Stored dataset items

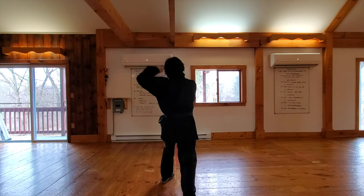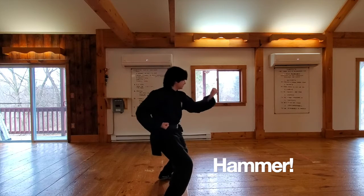Come back to that punch real quick. Now take your other hand right up to your ear just like this, like your hands on your phone. Now put it in front of you. Get into that horse. You're going to say hammer. Hammer. Good job.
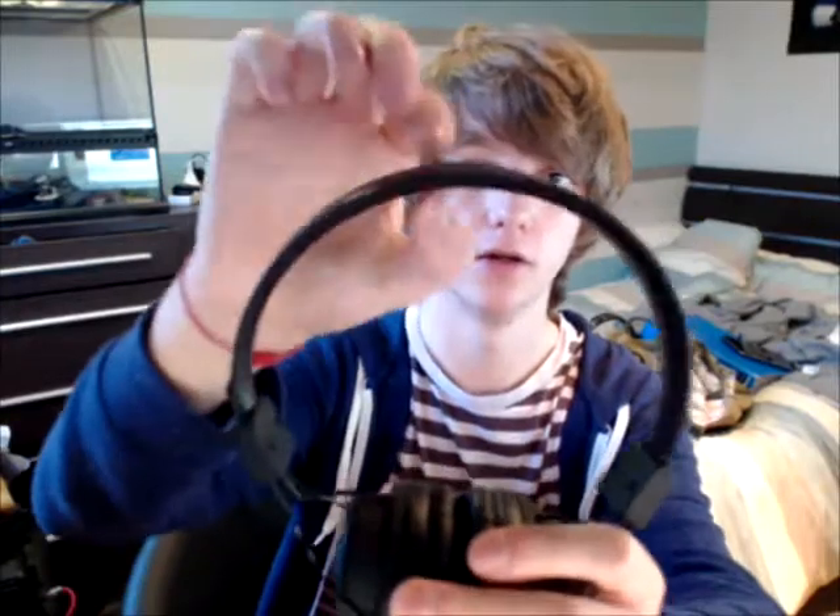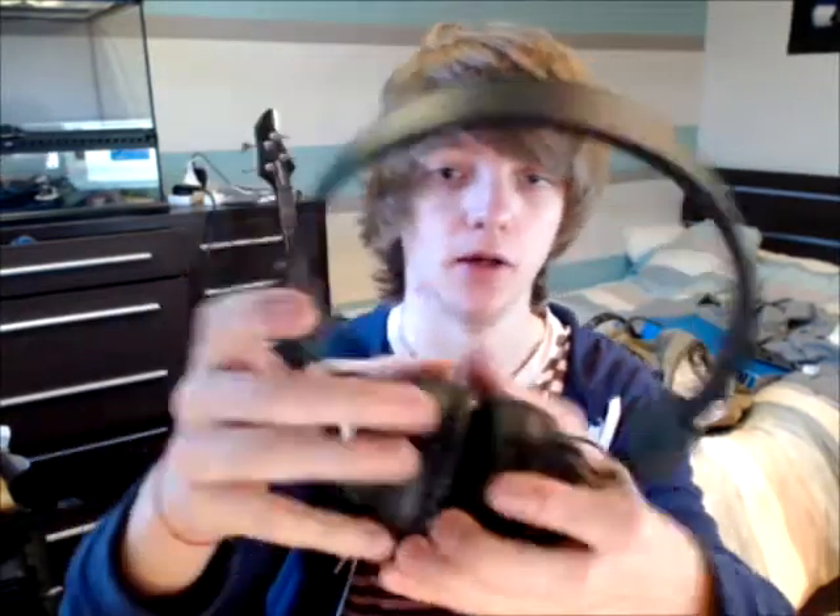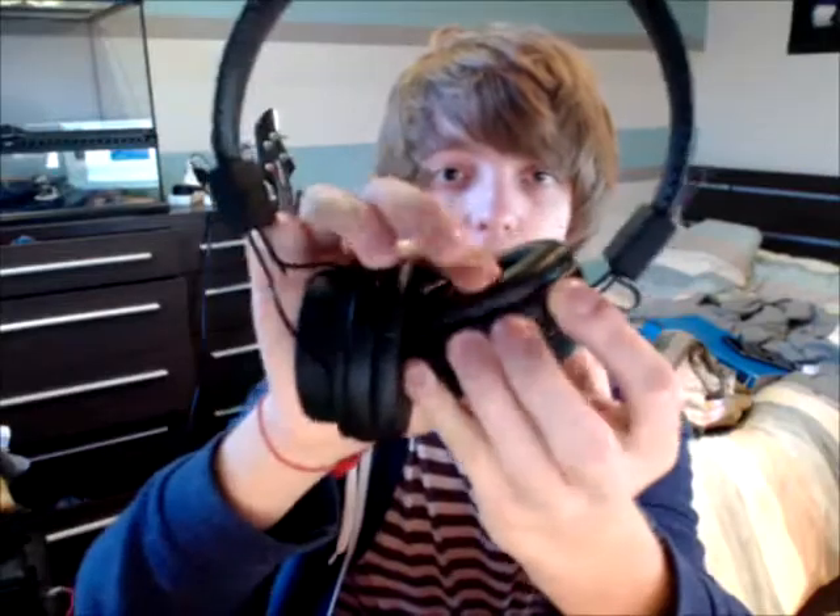Let's put these on. First impressions are that they're quite comfortable. They have quite a bit of padding on the ear cups, but not much padding up on the headband — not really any padding up there. On the ear cups themselves there's ample padding and it makes them fairly comfortable. Around here you have a soft-touch rubbery feel, which makes them feel like a really high quality pair of headphones. They're fully adjustable by sliding these up and down.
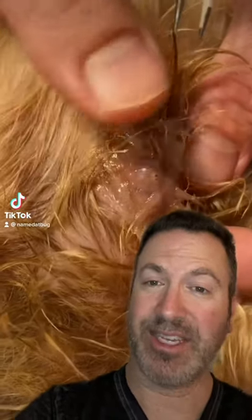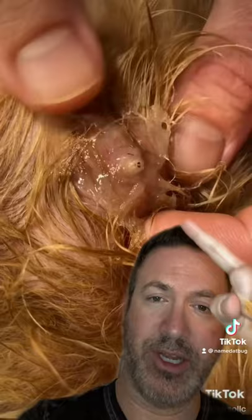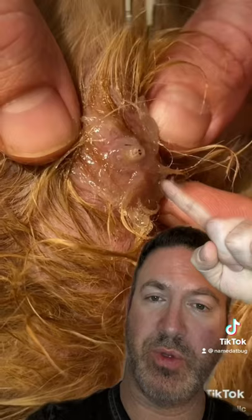Hey TikTokers, so here we are with another botfly removal from a 14-year-old Yorkie. Here you can see the botfly larva, and what they've done is placed Vaseline over the hole to suffocate it and get it to pull out.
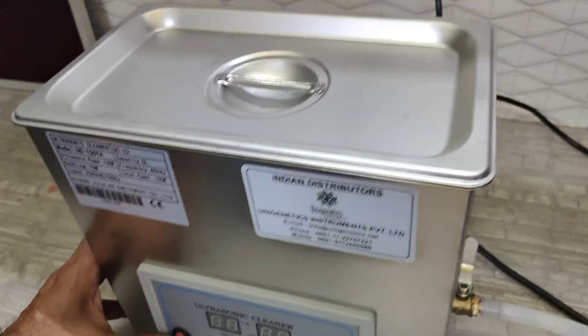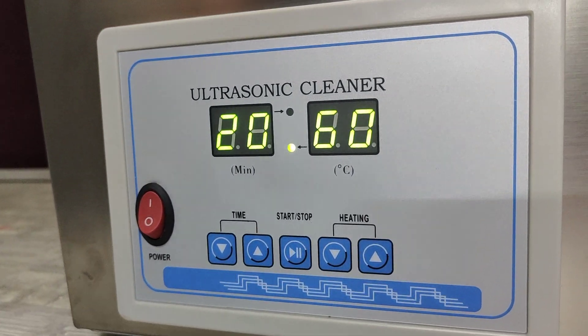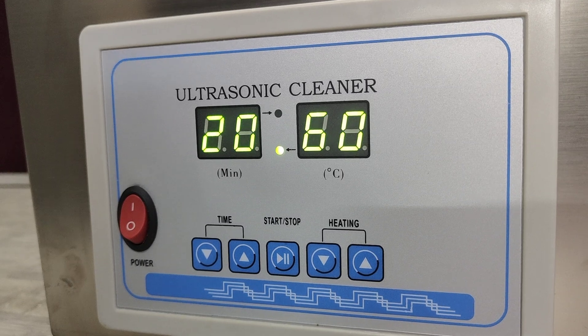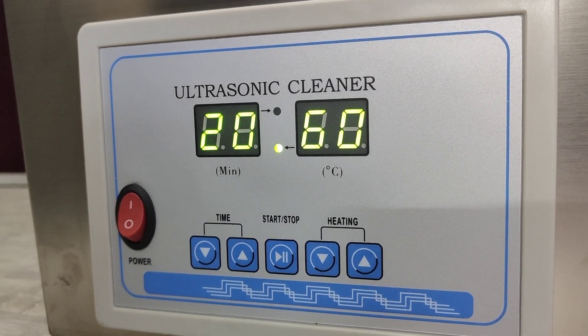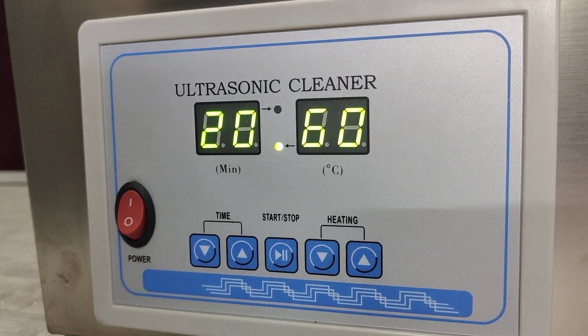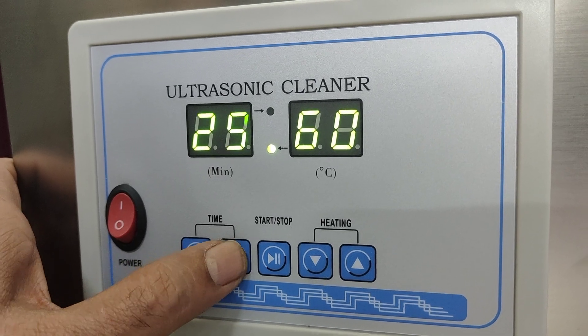Now I am giving power to the machine. There are only two parameters: one is time and the second is temperature. Time can be set up to 99 minutes and temperature up to 80 degrees centigrade.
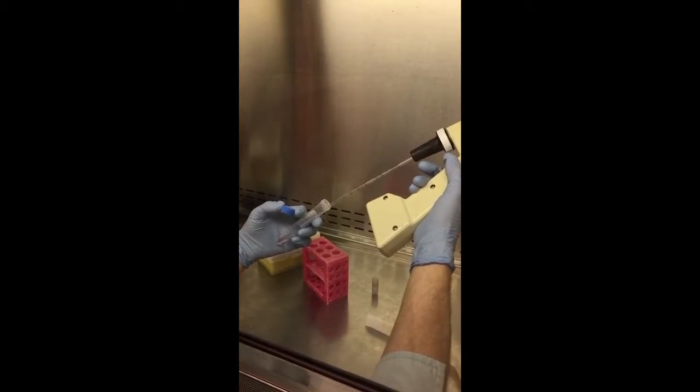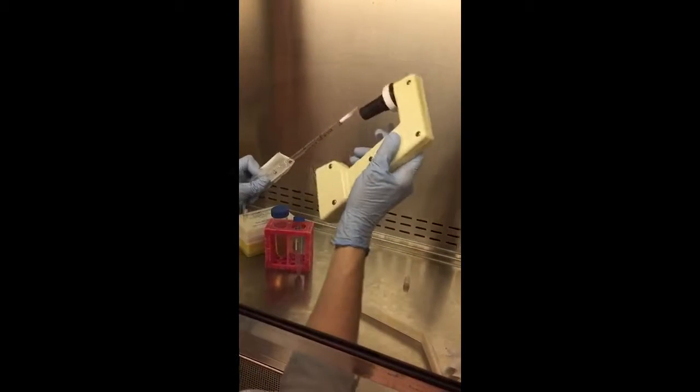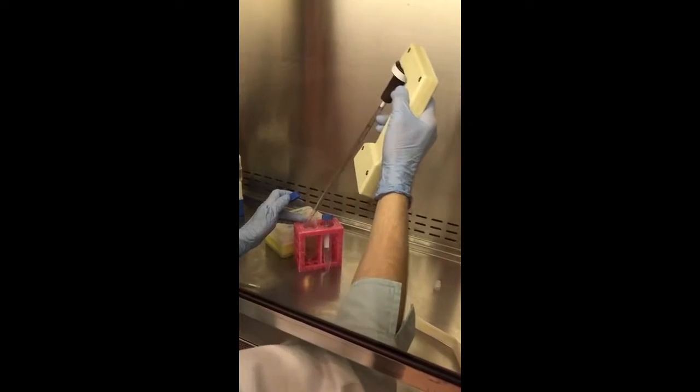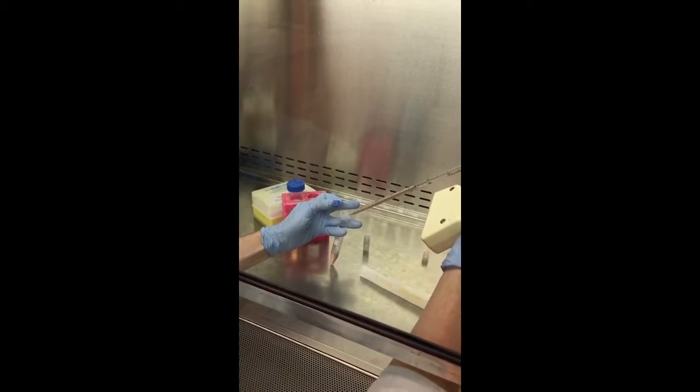I'm going to gently put this in the bottom of my 15 mL centrifuge tube, and now I'm going to dilute out the cryoprotectant and wash it out. You can use as little as 6 milliliters — probably not more than 9. I'm going to use 6 milliliters. Cell lines are specific: some cell lines I would just put 10 or 11 milliliters in a T75 flask and place that 1 milliliter directly in, let it rest overnight, and then change the media in the morning. This cell line wants you to wash it out.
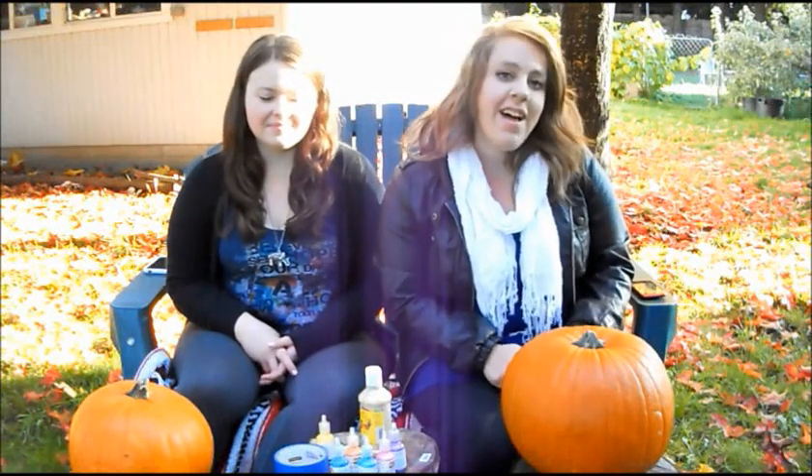Hey guys, welcome back to the Megan Norris Show. Today we are here on this beautiful fall day and we're going to decorate some pumpkins.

WHAT TO PRODUCE —
Only what runs from the line containing "I'm going to gently" through the end of the entries above should be extracted, exactly and without pictures.

PROBLEM SOLUTION —
I'm going to gently put this in the bottom of my 15 mL centrifuge tube, and now I'm going to dilute out the cryoprotectant and wash it out. You can use as little as 6 milliliters — probably not more than 9. I'm going to use 6 milliliters. Cell lines are specific: some cell lines I would just put 10 or 11 milliliters in a T75 flask and place that 1 milliliter directly in, let it rest overnight, and then change the media in the morning. This cell line wants you to wash it out.
Hey guys, welcome back to the Megan Norris Show. Today we are here on this beautiful fall day and we're going to decorate some pumpkins.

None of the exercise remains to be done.